» Exercise requirements: Reply with one number only: the count of lines below that contain the word "filled".
Dataset records: Begin
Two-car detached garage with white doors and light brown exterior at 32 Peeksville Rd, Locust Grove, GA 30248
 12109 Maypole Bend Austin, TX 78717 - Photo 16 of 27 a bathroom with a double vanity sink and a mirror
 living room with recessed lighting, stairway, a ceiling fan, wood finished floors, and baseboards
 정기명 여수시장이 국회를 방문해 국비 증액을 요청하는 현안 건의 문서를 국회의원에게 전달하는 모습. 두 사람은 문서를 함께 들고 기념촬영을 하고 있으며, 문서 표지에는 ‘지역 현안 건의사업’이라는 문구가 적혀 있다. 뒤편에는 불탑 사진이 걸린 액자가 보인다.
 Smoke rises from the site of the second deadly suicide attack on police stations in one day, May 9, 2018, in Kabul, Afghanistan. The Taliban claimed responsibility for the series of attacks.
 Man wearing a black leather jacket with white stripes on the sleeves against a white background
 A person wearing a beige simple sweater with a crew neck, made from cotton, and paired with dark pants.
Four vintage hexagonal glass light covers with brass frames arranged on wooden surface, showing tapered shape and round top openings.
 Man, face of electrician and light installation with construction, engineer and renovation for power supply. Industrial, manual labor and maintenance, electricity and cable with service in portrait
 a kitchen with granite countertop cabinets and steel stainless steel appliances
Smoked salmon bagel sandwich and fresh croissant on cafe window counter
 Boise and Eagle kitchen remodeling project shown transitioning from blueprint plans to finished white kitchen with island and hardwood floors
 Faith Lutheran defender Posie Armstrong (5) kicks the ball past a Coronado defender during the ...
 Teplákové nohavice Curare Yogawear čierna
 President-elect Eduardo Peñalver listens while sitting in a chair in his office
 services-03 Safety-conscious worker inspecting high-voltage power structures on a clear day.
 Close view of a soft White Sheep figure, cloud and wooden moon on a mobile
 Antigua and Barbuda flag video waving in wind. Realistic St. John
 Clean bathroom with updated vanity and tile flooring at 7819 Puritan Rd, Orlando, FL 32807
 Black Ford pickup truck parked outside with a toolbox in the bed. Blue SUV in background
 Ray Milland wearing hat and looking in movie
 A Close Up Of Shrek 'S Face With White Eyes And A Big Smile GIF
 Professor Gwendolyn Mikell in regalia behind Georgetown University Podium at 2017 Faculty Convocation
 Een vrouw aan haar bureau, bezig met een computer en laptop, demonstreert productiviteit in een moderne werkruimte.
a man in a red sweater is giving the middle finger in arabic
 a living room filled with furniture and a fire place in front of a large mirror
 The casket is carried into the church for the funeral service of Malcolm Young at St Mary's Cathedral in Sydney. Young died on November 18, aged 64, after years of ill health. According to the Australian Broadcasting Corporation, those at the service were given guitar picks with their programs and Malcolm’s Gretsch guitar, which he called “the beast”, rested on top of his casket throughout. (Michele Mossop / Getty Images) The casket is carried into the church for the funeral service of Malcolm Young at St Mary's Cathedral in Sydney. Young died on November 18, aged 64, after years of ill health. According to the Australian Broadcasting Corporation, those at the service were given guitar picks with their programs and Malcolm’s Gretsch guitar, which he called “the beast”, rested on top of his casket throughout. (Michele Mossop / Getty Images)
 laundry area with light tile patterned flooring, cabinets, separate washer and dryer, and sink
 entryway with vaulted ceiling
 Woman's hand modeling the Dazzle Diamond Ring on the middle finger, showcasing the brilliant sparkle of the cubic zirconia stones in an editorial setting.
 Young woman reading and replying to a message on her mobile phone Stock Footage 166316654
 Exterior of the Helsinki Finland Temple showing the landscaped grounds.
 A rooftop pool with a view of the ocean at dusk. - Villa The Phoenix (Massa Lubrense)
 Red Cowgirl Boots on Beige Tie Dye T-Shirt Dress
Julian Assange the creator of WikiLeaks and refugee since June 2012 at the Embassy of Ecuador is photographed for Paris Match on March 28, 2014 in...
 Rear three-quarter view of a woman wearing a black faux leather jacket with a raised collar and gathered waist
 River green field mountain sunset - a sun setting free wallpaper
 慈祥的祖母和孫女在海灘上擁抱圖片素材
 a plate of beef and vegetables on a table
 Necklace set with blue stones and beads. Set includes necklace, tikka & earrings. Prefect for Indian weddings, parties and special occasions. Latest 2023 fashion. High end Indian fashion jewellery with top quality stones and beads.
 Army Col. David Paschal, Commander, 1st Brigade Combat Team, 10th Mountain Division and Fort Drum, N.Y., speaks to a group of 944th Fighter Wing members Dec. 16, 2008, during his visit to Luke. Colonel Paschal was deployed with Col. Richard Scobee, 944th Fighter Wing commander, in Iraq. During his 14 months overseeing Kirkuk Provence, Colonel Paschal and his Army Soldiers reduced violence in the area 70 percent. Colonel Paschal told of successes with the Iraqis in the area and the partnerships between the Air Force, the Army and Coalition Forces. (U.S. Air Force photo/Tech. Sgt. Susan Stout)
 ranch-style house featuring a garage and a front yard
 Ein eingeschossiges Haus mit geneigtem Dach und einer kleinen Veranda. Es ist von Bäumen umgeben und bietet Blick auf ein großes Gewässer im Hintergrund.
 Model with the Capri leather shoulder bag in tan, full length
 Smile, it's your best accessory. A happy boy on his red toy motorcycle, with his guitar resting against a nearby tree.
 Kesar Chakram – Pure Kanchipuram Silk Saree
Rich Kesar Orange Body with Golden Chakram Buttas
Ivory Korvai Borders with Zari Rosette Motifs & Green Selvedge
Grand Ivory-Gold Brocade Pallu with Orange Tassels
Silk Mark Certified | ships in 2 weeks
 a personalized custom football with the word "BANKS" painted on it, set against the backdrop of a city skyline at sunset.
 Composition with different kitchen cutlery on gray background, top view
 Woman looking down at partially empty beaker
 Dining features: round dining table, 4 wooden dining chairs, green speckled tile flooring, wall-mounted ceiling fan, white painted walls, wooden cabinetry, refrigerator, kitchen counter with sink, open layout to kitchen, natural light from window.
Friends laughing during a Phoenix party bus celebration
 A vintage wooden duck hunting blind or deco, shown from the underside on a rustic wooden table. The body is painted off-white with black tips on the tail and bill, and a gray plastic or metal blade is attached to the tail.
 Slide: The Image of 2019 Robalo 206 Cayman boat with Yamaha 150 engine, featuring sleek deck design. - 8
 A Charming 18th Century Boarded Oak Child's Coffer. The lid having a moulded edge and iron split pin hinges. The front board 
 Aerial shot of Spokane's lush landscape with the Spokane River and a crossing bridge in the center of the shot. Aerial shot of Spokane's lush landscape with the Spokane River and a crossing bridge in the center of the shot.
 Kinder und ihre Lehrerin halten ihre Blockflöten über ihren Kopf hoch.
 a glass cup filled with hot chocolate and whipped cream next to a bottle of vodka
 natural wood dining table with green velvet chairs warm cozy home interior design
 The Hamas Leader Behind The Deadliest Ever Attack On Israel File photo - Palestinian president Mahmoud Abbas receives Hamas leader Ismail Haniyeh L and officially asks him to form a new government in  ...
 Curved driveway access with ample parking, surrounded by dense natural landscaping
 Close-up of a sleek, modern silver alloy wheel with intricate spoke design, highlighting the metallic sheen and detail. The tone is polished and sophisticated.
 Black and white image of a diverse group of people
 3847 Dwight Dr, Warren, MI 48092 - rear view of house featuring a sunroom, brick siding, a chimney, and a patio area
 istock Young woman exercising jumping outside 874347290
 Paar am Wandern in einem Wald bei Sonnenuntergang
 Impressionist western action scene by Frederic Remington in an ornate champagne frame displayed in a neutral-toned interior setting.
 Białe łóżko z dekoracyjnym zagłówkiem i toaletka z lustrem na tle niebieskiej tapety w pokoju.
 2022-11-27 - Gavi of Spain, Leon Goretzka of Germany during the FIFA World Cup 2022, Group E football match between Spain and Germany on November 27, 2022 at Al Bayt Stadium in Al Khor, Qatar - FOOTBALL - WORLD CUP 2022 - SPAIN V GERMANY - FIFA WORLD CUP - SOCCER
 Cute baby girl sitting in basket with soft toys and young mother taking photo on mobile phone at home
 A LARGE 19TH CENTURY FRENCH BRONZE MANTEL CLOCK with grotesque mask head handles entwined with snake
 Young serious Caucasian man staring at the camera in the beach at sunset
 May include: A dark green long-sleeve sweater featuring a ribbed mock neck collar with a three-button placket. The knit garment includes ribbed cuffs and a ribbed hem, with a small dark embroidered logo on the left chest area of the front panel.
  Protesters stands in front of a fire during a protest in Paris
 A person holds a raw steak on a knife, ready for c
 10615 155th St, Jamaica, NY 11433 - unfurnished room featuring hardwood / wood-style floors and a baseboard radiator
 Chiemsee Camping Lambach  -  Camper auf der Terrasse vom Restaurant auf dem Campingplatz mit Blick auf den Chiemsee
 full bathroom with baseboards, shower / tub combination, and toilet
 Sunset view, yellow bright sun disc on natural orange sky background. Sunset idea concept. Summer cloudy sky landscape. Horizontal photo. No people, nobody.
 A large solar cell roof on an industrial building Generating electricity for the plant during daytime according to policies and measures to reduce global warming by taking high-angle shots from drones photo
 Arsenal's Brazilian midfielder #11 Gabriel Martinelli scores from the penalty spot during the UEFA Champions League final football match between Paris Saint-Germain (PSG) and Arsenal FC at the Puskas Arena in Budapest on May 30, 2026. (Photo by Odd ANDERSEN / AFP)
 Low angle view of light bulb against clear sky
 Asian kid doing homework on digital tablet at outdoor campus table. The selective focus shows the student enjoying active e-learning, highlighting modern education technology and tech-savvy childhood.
Dataset records: End
» Result for this task: 2